Belfast Telegraph

Thursday 28 August 2014

Rathmore Grammar the latest Catholic school told to abandon testing

One of Northern Ireland’s most heavily over-subscribed grammar schools will have to abandon academic selection under the latest proposals to be unveiled by the Northern Ireland Commission for Catholic Education (NICCE).

The Commission was publishing its plans for the future of schools in Belfast, Lisburn and north Down today.

The 11 Catholic post-primary schools in the South and West Belfast and Lisburn area currently cater for 9,756 pupils and include three grammars — Rathmore, St Dominic’s and St Mary’s Christian Brothers.

Rathmore Grammar in Belfast had to turn away 41 A-grade students last year due to very strong competition for its 180 places for pupils starting at the school in September 2009. The popular Finaghy school resorted to a lottery to determine which young people would be allocated the final Year 8 places for the start of the 2008/09 school year and in that year had to turn away 77 students awarded the top 11-plus grade.

The long-term enrolment projection for the area indicates the need for approximately 8,000-8,200 school places by 2018.

The review concluded that there is a need for eight all-ability 11-19 ‘educational sites’ and that this will require four new buildings.

The options suggest co-educational schools at Rathmore and St Colm’s High and single sex schools at De La Salle College, Edmund Rice, St Genevieve’s High School at the Dominican education provision on the Falls Road, St Louise’s Comprehensive and then either a boys’ school at Corpus Christi College or a new co-educational school in the Crumlin/Glenavy/Lisburn area.

Meanwhile, the South and East Belfast and North Down area project involves four schools — Aquinas Grammar and Our Lady and St Patrick’s College in Knock and secondary schools St Joseph’s College in Belfast and St Columbanus’ College in Bangor.

There are currently 3,208 pupils in the four schools which have the capacity for 3,195 pupils.

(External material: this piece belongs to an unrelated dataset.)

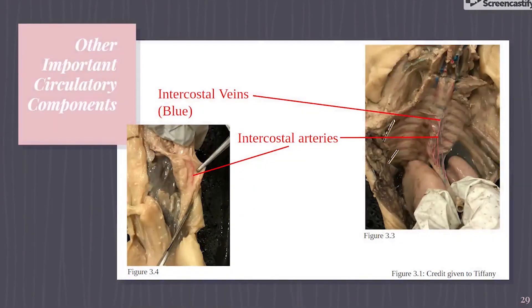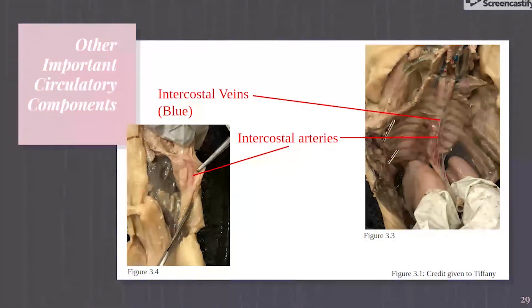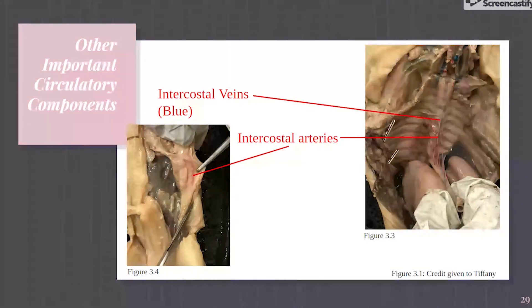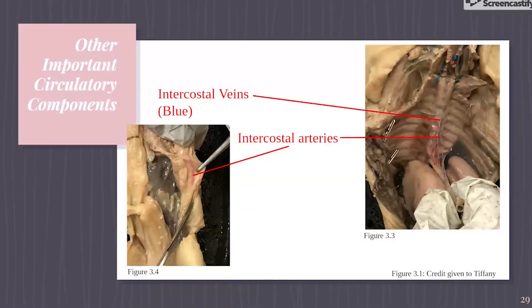You can distinguish between the arteries and veins based on their coloring. Arteries carry oxygen-rich blood, which gives them a red coloring. Veins, however, carry deoxygenated blood, which is why they have a blue coloration. Pictured in Figures 3.3 and 3.4 are the intercostal arteries and veins. They run on the costal groove of each rib and supply the intercostal muscles with blood and drain blood away.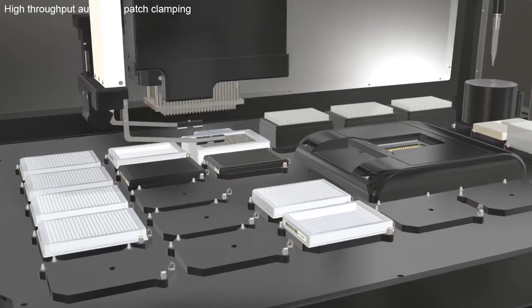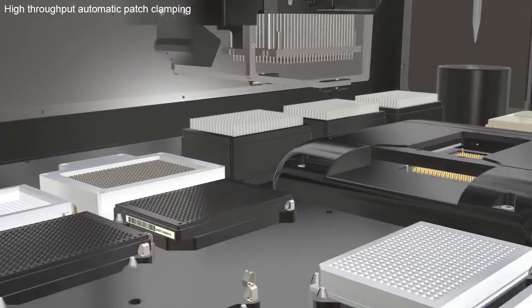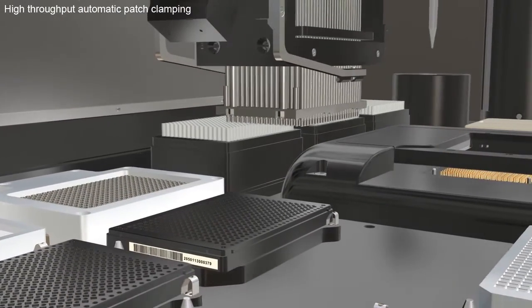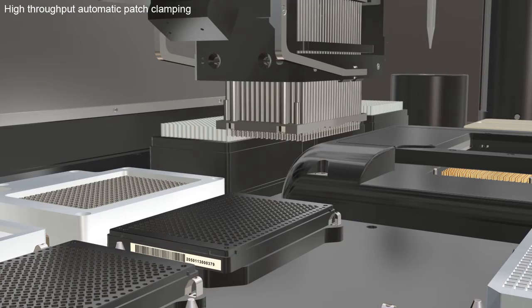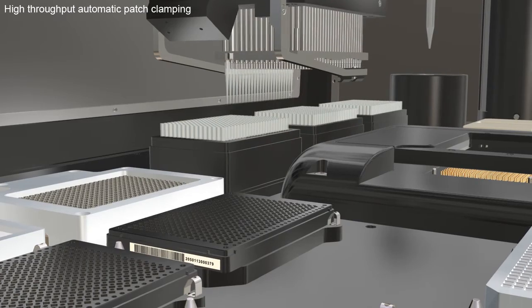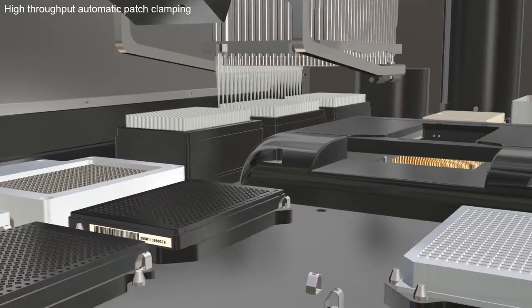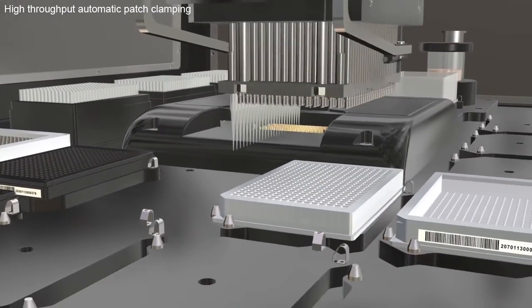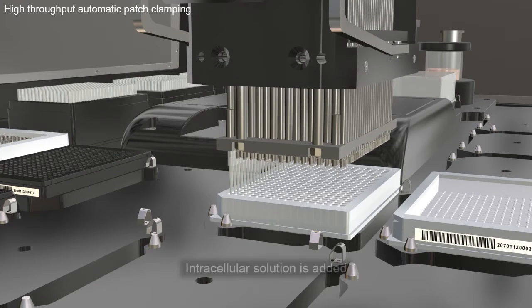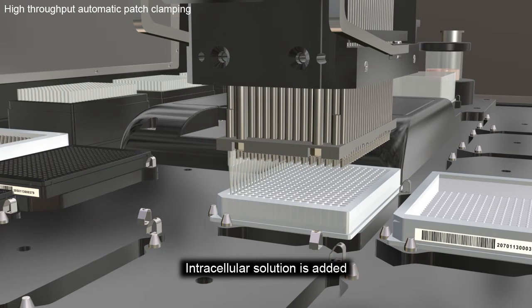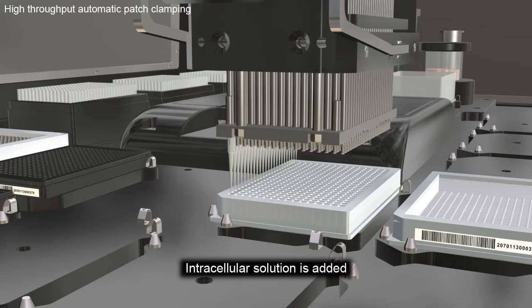The pipetter continues with priming the Q-Chip. The pipetter aspirates intracellular solution and dispenses it into the Q-Chip.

It is expected that there will need to be places for approximately 3,000-3,200 pupils by the year 2018.

The one proposal put forward by NICCE is for the four schools to remain but all to become co-educational and non-academically selective for admissions at age 11.

NICCE is putting forward proposals for Catholic schools across Northern Ireland — all are based on the key directive from the commission that every grammar school should begin phasing out academic selection and stop using it completely by 2012.

Copies of all the consultation documents can be downloaded at www.pprce.org

Consultation on all of the projects ends on May 31.